When we look at the bigger context of today’s gospel reading we see it as follows: Jesus has been healing the sick. Then he performs the miracle of feeding the 5000. Then Jesus walks across the water towards the disciples. All of that directly precedes today’s story. What happened in the passage we read for today? The disciples, and the people, literally “the crowd” are looking for Jesus. When they find him he says that they are looking for him, following him, not because of what he has said and not even because of the “signs” he has given, but because he has fed them and they are filled, they are satisfied. Jesus acknowledges that being filled is very important. It is so important that people work hard for it. They are also willing to follow and want to be led by someone who will fill them, who will feed them. But, he says, they are focused on having their bodies fed. They are not focusing on what will really satisfy them, really bring them peace and wholeness, which is seeking after spiritual bread, after truth, after relationship with God, after following in the way, which is Jesus himself. That is what will really fill them, but they can’t seem to change their focus from that of getting basic physical needs met.
That is the central focus on today’s text. But as I sat with this text there was a sub story, related but not the focus, that really stood out for me. And that has to do with the next part of the story.
After all of this: after hearing what Jesus says to them, after being told what they really want is to be satisfied and not with just physical bread but the bread of life: after they have been miraculously fed and after Jesus has walked on the water and after all of the healings he has performed, then this outrageous thing happens and they then ask Jesus for a sign! Apparently, they’ve forgotten all the signs he has just produced.
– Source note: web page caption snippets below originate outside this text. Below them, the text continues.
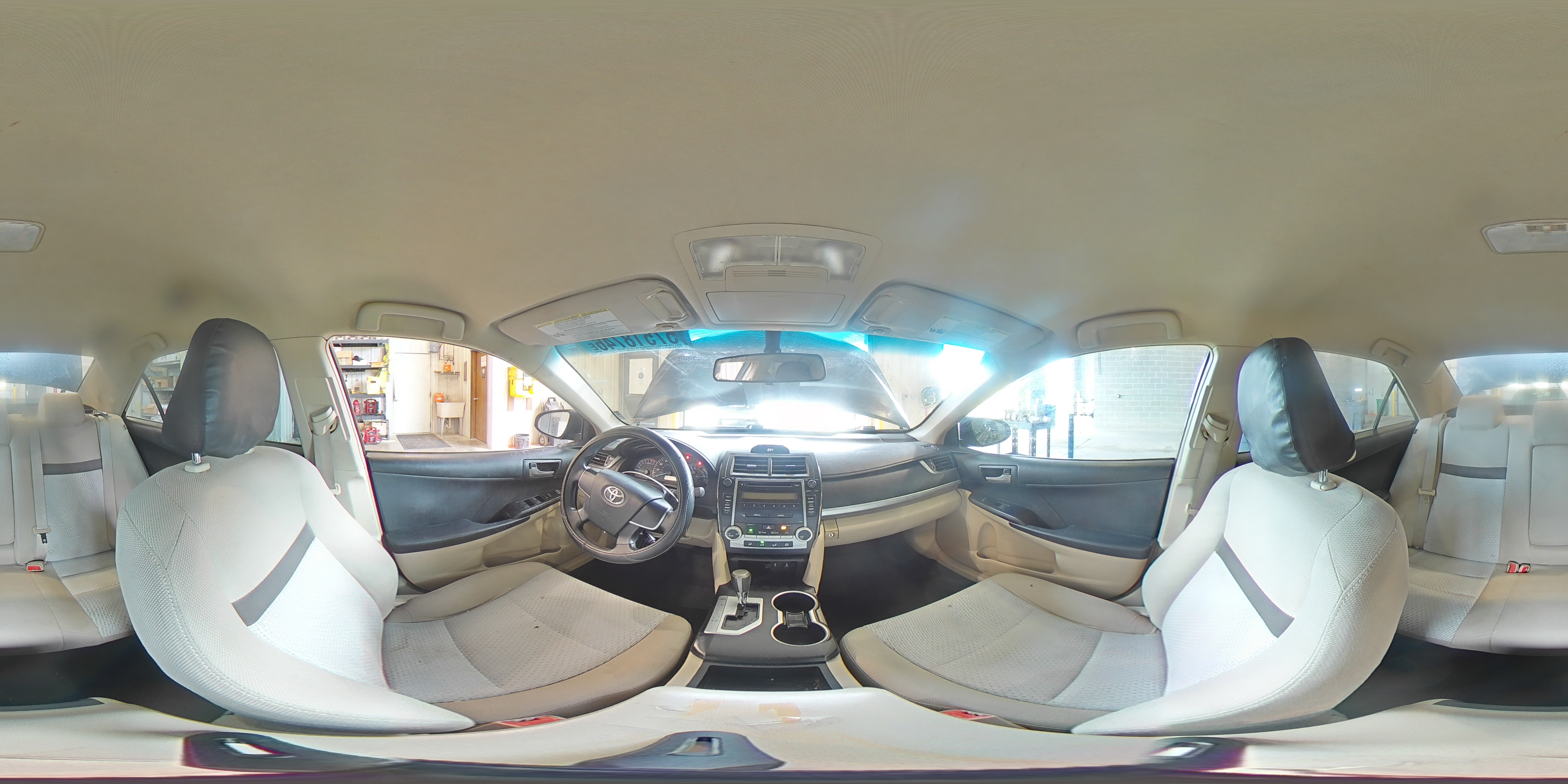 2012 Toyota Camry L Black vin: 4T1BF1FK5CU613990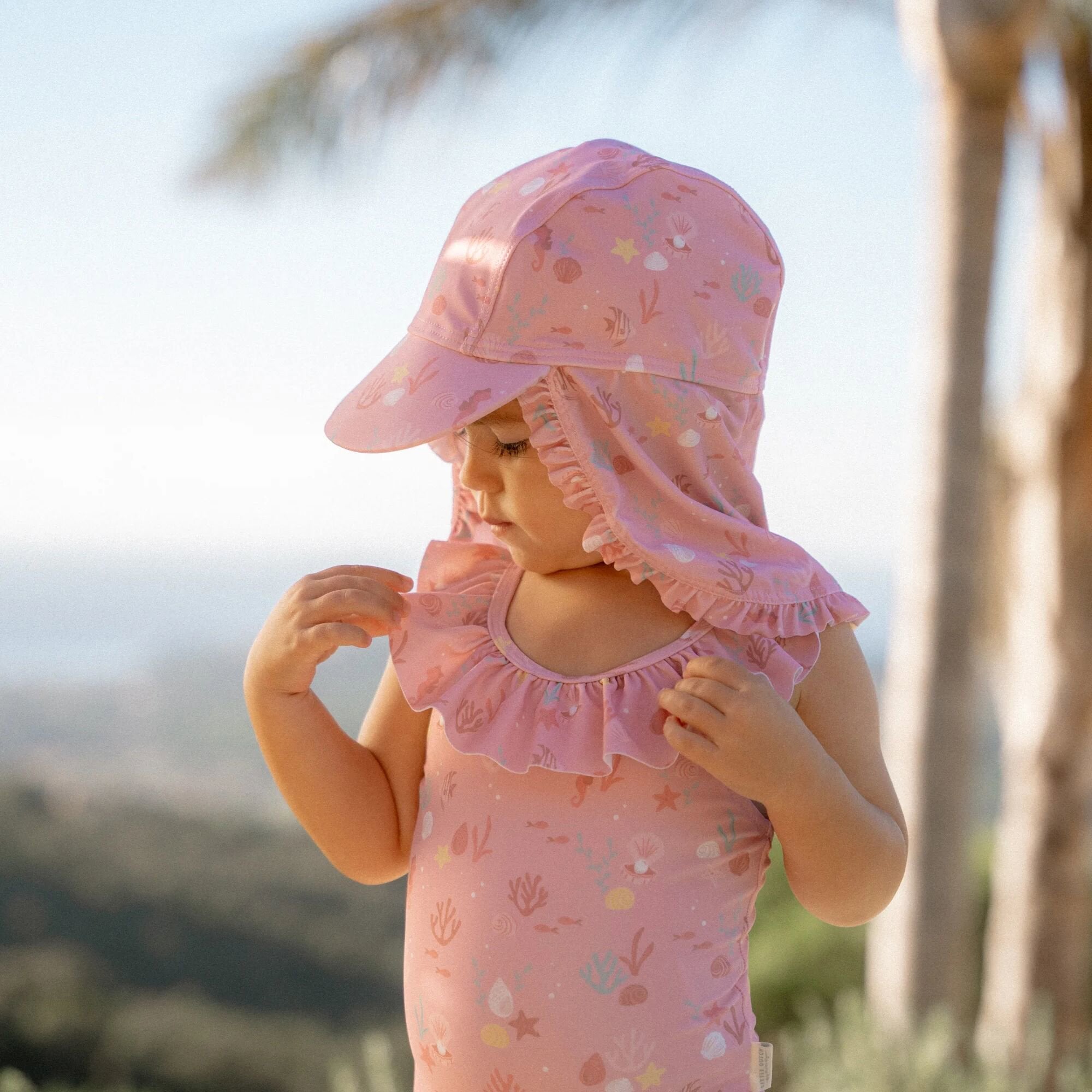 LITTLE DUTCH Swimming cap Ocean Treasures Νο 1 (41-45cm) - Image 4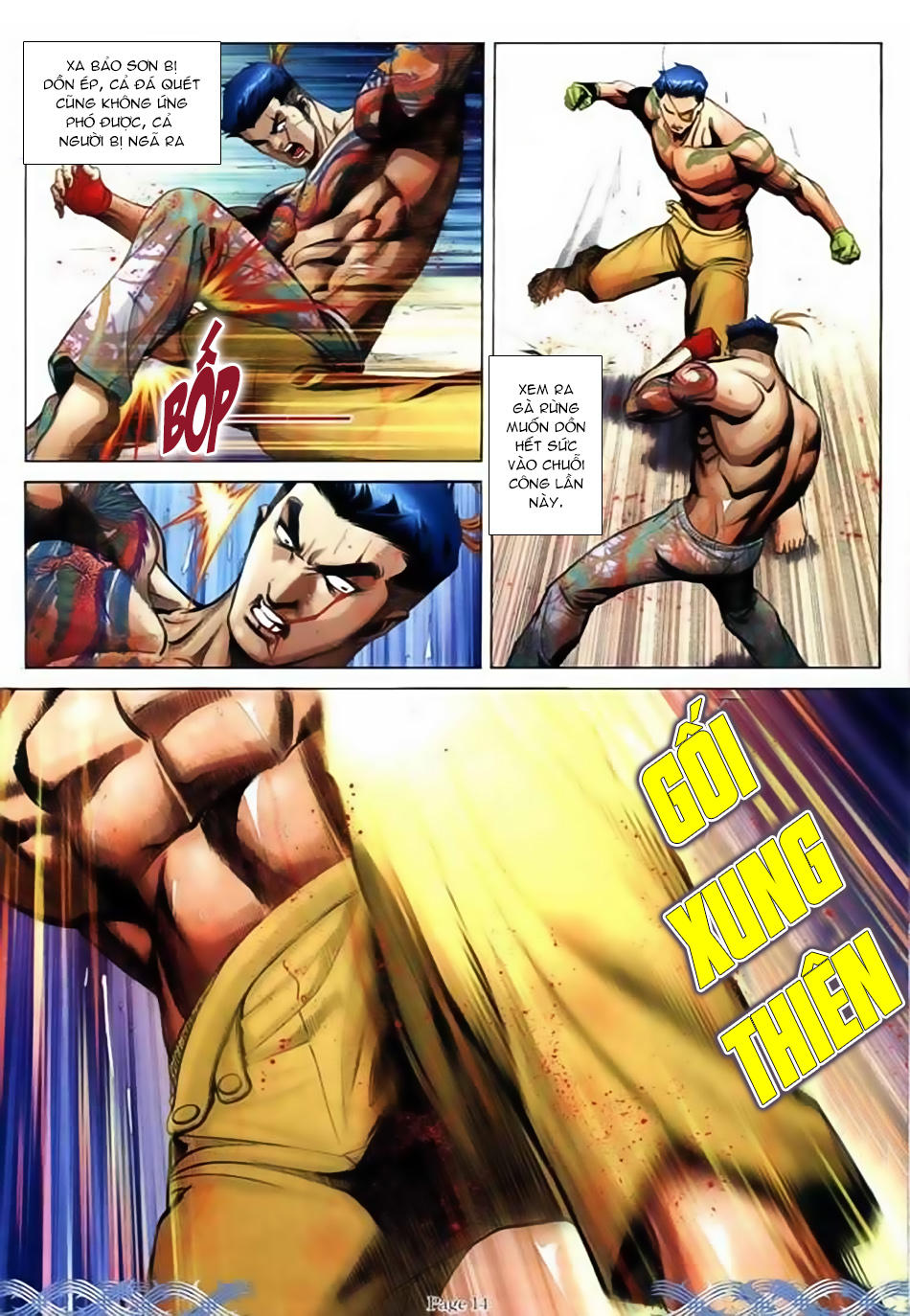 Người Trong Giang Hồ Chap 692 - Next Chap 693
Or perhaps they simply weren’t satisfied with the healings, they weren’t satisfied with the feeding of the thousands, they weren’t satisfied with him walking on the water. They don’t want to have to do anything except be fed, be healed, be attended to. And so, when Jesus asks them to do something in return, when Jesus asks them to follow him, they want proof, more proof, that this effort on their part will lead to them continuing to be fed, to be healed to be attended to. They ask for another sign. They point to Moses saying, “well, he fed us manna, so give us a sign so we can believe.” (again, obviously what they are really asking for is a very specific sign: they want Jesus to feed them again). But Jesus corrects them saying that Moses didn’t do that, God did that. And that Jesus is there to feed them, is feeding them, has been feeding them: but at this moment, not in the way that they want to be fed, are demanding being fed.
I think this is the key point here, actually. They want to never be hungry again, physically. They want to be fed in a way that makes them feel safe, physically. They want to be shown that they will never suffer again, never hunger again, never be in need again. And when Jesus says, “I am the bread of life, whoever comes to me will never hunger again,” they are still thinking in terms of physical hunger, physical bread, physical needs being met.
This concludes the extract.